I disagree. I think in most stories, media, etc. that deals with exceptional people you basically almost never see granularity. At best, you see a scale. Hercules doesn't wrestle lions into the ground because he has +50% strength; he does so because he's the demigod son of Zeus with incredible strength and the lion simply isn't. When Hulk fights someone, in any good story it doesn't come down to which one of them is stronger; either it is established early on that one of them just is, or maybe they are evenly matched; either way, Hulk needs to find an edge somewhere else.

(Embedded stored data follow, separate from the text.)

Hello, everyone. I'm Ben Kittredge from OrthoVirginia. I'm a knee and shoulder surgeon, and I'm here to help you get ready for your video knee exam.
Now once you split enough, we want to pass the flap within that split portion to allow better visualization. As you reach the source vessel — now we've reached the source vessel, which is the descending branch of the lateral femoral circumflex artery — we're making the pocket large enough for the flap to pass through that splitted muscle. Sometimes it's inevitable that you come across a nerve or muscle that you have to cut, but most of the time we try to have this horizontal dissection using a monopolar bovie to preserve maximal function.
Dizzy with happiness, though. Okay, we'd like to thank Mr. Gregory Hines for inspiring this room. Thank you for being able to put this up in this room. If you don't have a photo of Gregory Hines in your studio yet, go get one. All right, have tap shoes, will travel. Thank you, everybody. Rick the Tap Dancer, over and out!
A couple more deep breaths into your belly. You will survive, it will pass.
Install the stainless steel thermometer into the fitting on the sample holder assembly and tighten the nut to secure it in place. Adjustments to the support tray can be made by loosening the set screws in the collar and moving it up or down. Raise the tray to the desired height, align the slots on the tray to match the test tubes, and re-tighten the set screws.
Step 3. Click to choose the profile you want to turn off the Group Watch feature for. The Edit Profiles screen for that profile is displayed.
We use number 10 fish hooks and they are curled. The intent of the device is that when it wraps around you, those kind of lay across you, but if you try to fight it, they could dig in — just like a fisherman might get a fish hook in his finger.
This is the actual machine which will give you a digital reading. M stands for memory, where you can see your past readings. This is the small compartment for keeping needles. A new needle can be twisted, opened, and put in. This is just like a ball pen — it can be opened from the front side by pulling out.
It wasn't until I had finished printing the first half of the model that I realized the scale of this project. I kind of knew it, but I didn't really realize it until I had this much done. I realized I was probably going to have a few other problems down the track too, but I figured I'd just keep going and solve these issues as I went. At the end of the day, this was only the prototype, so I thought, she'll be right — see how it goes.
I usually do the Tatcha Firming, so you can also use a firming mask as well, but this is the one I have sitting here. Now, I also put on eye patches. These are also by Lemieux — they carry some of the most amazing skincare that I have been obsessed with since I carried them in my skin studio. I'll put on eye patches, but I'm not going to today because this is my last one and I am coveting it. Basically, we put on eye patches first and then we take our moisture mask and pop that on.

Even if you are trying to do some very specific scenario where, say, a football team is assaulted by zombies and their subtle differences in strength actually matter, you can just zoom in on it, and set up a relative strength scale.
The only reason you'd want generic stats that are also very granular, is if your game has absolutely no focus and hence just wants to have the ability to stat out everything to be able to handle everything; making the majority of stats in any given point of time (possibly including chargen) largely pointless.
>Nah, in a sprint race or in an arm-wrestling match (or wrestling for possession of that runestaff), that's exactly what I would want. That's what these attributes are for.
My point is, that I may not be expressing well, is that that would make for a shit game.
"Let's play a game about athletes!"
"okay, let's roll dice a bunch times to have the guy with the higher number (who achieved that higher number by rolling higher numbers during training or chargen) come out on top unless there's an upset I guess"
It's equivalent of having a single fighting stat and then devolving combat into rolling it a few times until somebody wins. Works, yes, simulates some reality, yes, but not very exciting and doesn't make for a good game.